Ms. Sandberg, who often describes herself as bossy-in-a-good-way, enchanted him when they became friendly in the mid-1990s. He “was smitten with her,” Ms. Chessen remembered. Ms. Sandberg was dating someone else, but Mr. Goldberg still hung around, even helping her and her then-boyfriend move, recalled Bob Roback, a friend and co-founder of Launch. When they finally married in 2004, friends remember thinking how similar the two were, and that the qualities that might have made Ms. Sandberg intimidating to some men drew Mr. Goldberg to her even more.
Over the next decade, Mr. Goldberg and Ms. Sandberg pioneered new ways of capturing information online, had a son and then a daughter, became immensely wealthy, and hashed out their who-does-what-in-this-marriage issues. Mr. Goldberg’s commute from the Bay Area to Los Angeles became a strain, so he relocated, later joking that he “lost the coin flip” of where they would live. He paid the bills, she planned the birthday parties, and both often left their offices at 5:30 so they could eat dinner with their children before resuming work afterward.

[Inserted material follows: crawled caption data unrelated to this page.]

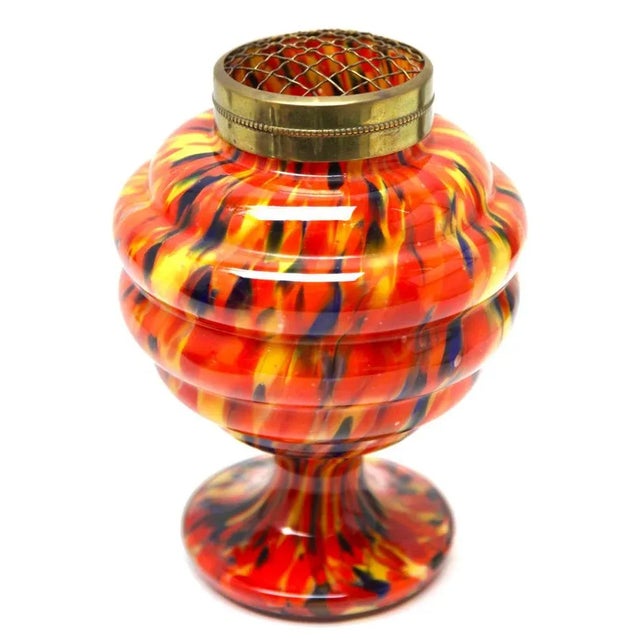 Dramatic multi color decor, cobalt and orange, in hand blown splatter glass vase in the Art Deco style. This design for...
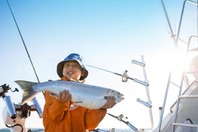 A young boy holding a salmon he caught on a charter boat. 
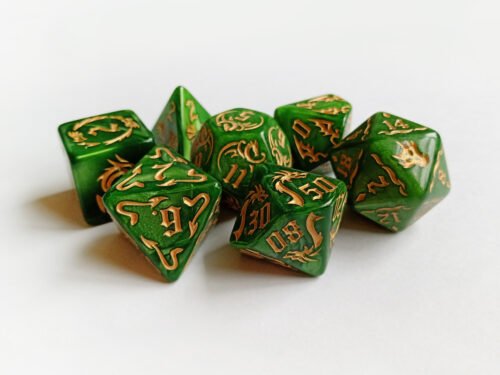 Collection of seven green dice with embossed dragon patterns and gold coloured motif and numbering.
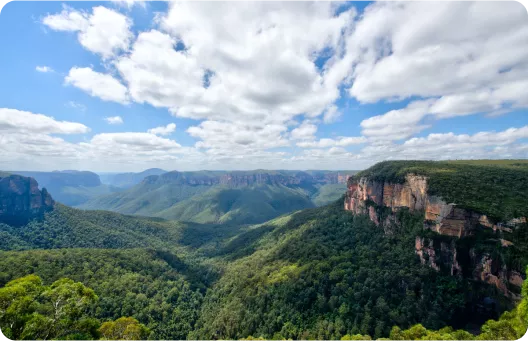 A panoramic view of lush green mountains and cliffs under a partly cloudy sky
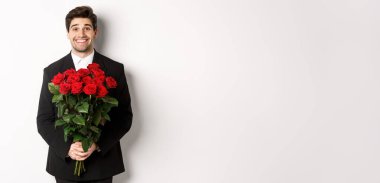 Siyah takım elbiseli yakışıklı bir adam resmi, elinde bir buket gül, gülümsüyor, beyaz arka planda duruyor..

Friends in Silicon Valley say they were careful to conduct their careers separately, politely refusing when outsiders would ask one about the other’s work: Ms. Sandberg’s role building Facebook into an information and advertising powerhouse, and Mr. Goldberg at SurveyMonkey, which made polling faster and cheaper. But privately, their work was intertwined. He often began statements to his team with the phrase “Well, Sheryl said” sharing her business advice. He counseled her, too, starting with her salary negotiations with Mark Zuckerberg.
“I wanted Mark to really feel he stretched to get Sheryl, because she was worth it,” Mr. Goldberg explained in a 2013 “60 Minutes” interview, his Minnesota accent and his smile intact as he offered a rare peek of the intersection of marriage and money at the top of corporate life.
While his wife grew increasingly outspoken about women’s advancement, Mr. Goldberg quietly advised the men in the office on family and partnership matters, an associate said. Six out of 16 members of SurveyMonkey’s management team are female, an almost unheard-of ratio among Silicon Valley “unicorns,” or companies valued at over $1 billion.
When Mellody Hobson, a friend and finance executive, wrote a chapter of “Lean In” about women of color for the college edition of the book, Mr. Goldberg gave her feedback on the draft, a clue to his deep involvement. He joked with Ms. Hobson that she was too long-winded, like Ms. Sandberg, but aside from that, he said he loved the chapter, she said in an interview.
By then, Mr. Goldberg was a figure of fascination who inspired a “where can I get one of those?” reaction among many of the women who had read the best seller “Lean In.” Some lamented that Ms. Sandberg’s advice hinged too much on marrying a Dave Goldberg, who was humble enough to plan around his wife, attentive enough to worry about which shoes his young daughter would wear, and rich enough to help pay for the help that made the family’s balancing act manageable.
Now that he is gone, and Ms. Sandberg goes from being half of a celebrated partnership to perhaps the business world’s most prominent single mother, the pages of “Lean In” carry a new sting of loss.
“We are never at 50-50 at any given moment — perfect equality is hard to define or sustain — but we allow the pendulum to swing back and forth between us,” she wrote in 2013, adding that they were looking forward to raising teenagers together.
“Fortunately, I have Dave to figure it out with me,” she wrote.